- **Available data**:

====================

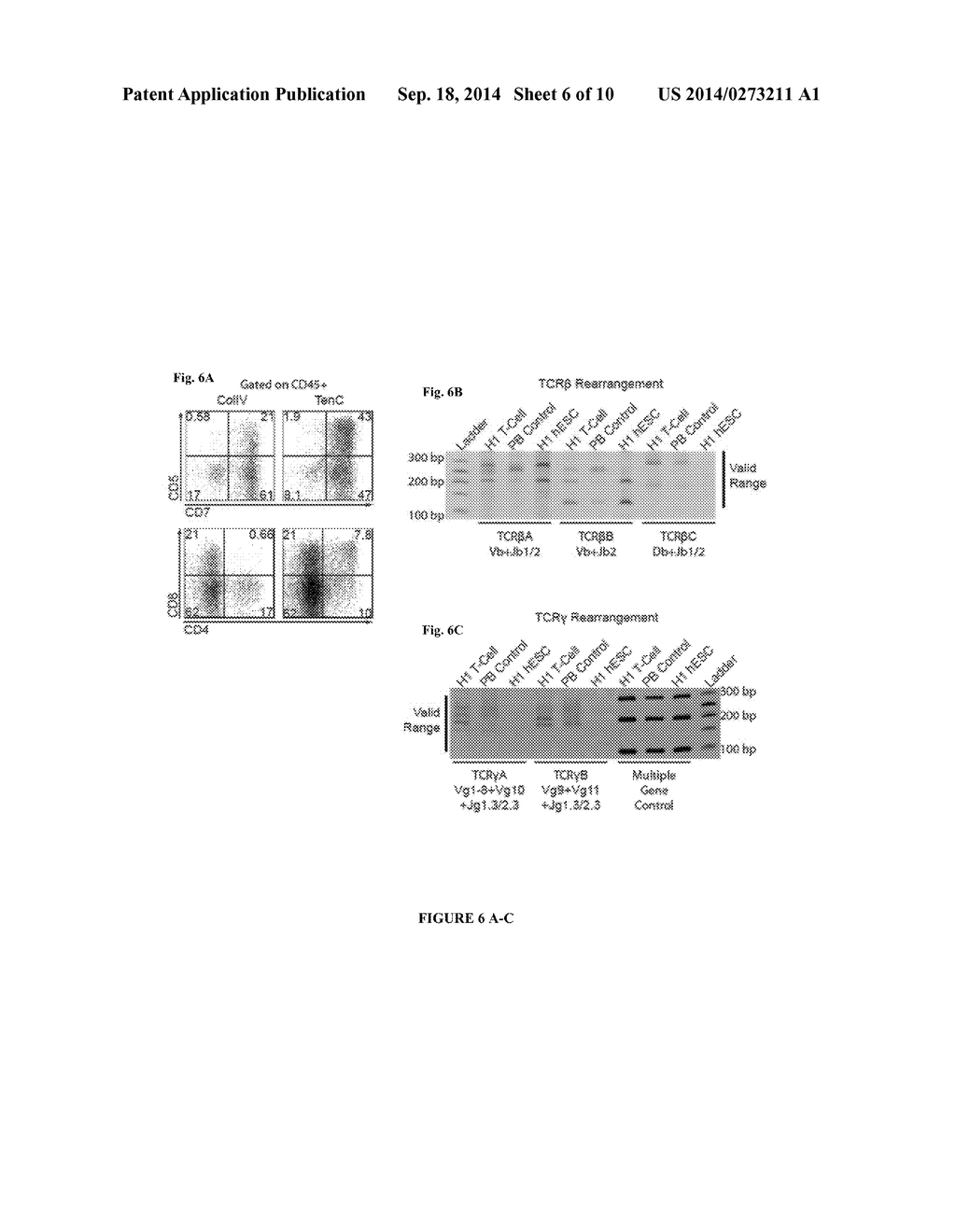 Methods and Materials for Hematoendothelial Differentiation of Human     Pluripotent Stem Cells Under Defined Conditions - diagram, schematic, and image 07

====================

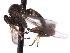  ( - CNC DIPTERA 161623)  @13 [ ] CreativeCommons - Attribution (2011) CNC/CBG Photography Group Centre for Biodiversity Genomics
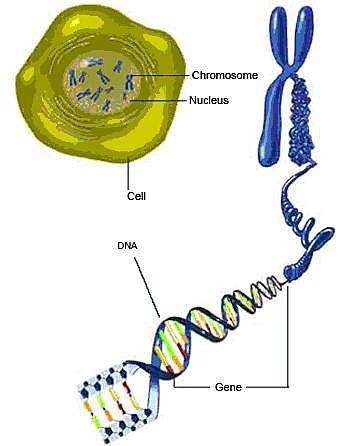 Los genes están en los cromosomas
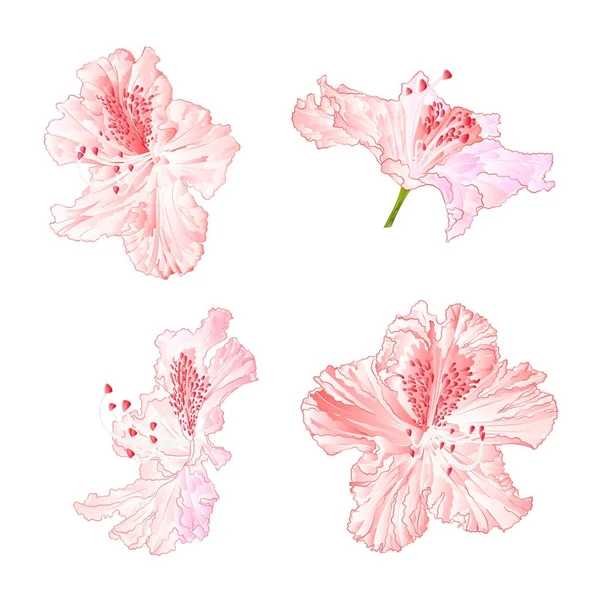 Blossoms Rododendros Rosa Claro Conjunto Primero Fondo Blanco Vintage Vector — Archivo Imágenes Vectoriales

====================

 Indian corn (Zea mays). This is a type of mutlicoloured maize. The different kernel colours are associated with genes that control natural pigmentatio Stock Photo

====================

- **Aim of the task**: Only one stretch of the material above is wanted: the line containing "( - CNC DIPTERA" through the line containing "Blossoms Rododendros Rosa". Restate it word for word, minus the pictures.

- **Task answer**:
  ( - CNC DIPTERA 161623)  @13 [ ] CreativeCommons - Attribution (2011) CNC/CBG Photography Group Centre for Biodiversity Genomics
 Los genes están en los cromosomas
 Blossoms Rododendros Rosa Claro Conjunto Primero Fondo Blanco Vintage Vector — Archivo Imágenes Vectoriales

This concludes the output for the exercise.